Although acknowledgement of mandate differences was a basic starting point, there was still much scope for the generation of confusion in how humanitarian and military actors actually carried out their tasks. Some of this was seeded in, and exacerbated by, the rhetoric frequently used by both camps. Human rights actors, for example, were wont to call for "humanitarian intervention" involving the use of military force. Vice versa, military operations usually declared that they contained 'civilian' components or civilian interface units.
The second basic principle that Rafa urged should be accepted was that there should be no direct relationship between military and humanitarian actors in the delivery of aid under normal circumstances. There were certainly some occasions where the scale of need was so large that assistance might be needed from the military.
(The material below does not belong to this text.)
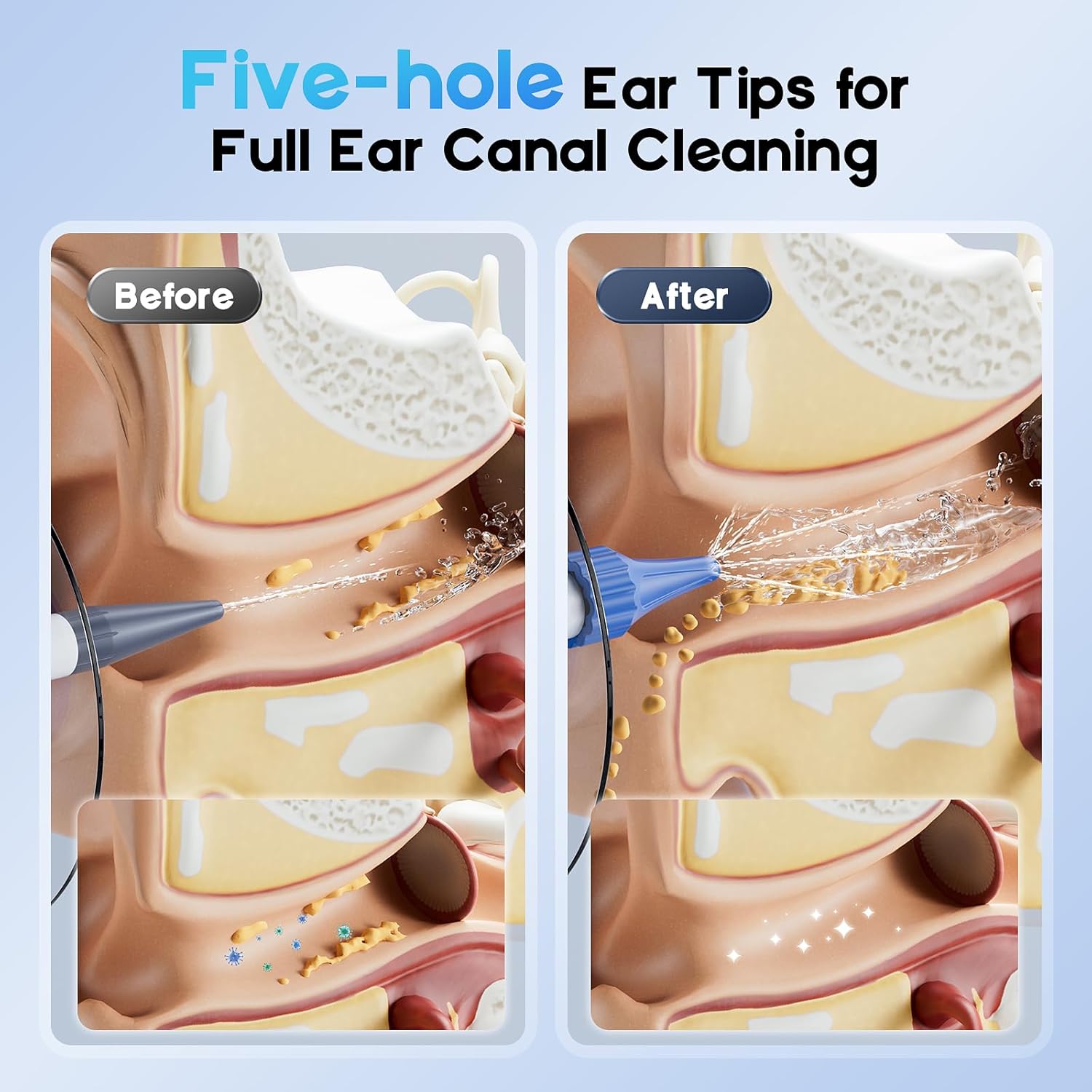 Detalle 2 de Ear Wax Removal: Electric Ear Cleaning Kit with Light and 4 Modes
But use of the military aid should be distinguished from humanitarian aid and triggered only when there were no other options left in the field.
In some contexts, Rafa suggested, the use of armed escorts for humanitarian actors could be permissible - Somalia immediately sprung to mind. But once again, the decision to request military escorts should be made by humanitarian organisations themselves and it should be certified that the decision was based solely on need. It was important also, he said, that the decision to use escorts should not harbour any dangers to the independence and long-term sustainability of the aid delivery.
Information sharing was another area where there was a need for cooperation with the military. The issue of security risks and understanding community expectations often necessitated the exchange of data regarding security and the character of shared spaces.
Rafa then asked whether examining the history of war and past conflicts might provide some guidance in understanding the reality, and shaping the optimal contours, of the relationship between the humanitarian and the military actors in different situations.
- First, armed forces were not always perceived in the same manner by the local population in every context. In East Timor, for example, armed forces were considered 'liberators'; in Liberia, ECOMOG forces were characterized as 'invaders.'
- Second, the particular behaviour of the soldiers themselves was often a vital factor, e.g. the activities of UNITA in Angola.
- Third, the specific mandate of the force was relevant: was the force a peacekeeping or a peace-enforcing one? Did the force only attack legitimate targets? Did the force use a humanitarian or human rights argument as a mask for intervention? Rafa recounted how in Somalia in 1992, MSF had worked with the military, but when peace-enforcers began to violate humanitarian law, the organisation had complained. Subsequently MSF's installations were attacked. The lesson, he said, was that international intervention with a humanitarian mandate often masked a political intent and that collaboration needed to be sharply scrutinised.
- Fourth, it was important to maintain a strict separation between military relief (for example, as delivered under the obligations of an occupying power) and humanitarian action. Great confusion had been generated by certain types of humanitarian-like actions that had been taken by the military, particularly the US military. The dropping of food packages from the air in Afghanistan at the same time that the bombing commenced, was publicised as the distribution of "humanitarian" rations. The use of humanitarian rhetoric to buoy up military strategy was a dangerously confusing approach, particularly rife in the armoury of military forces in the global North.
The above notions, Rafa said, however, provided only a minimal understanding of the optimal relationship between humanitarian and military actors. It was vital that an analysis be carried out on a case-by-case basis. From an MSF perspective, the proliferation of standards and guidelines would only make the situation more complex. As the Iraq war loomed, there were many issues that needed to be carefully examined. At one end of the spectrum there was a necessity to liase with armed forces, but it was vital that the humanitarian role was respected and not conflated with the military one.
The US was currently setting up an office for humanitarian coordination in Kuwait with which MSF, for example, had refused to cooperate. The appropriation of humanitarianism appeared, he said, to be a core element of the war ideology as described by Colin Powell, the US Secretary of State in a recent statement viz: "NGOs are a multiplying force of our combat team."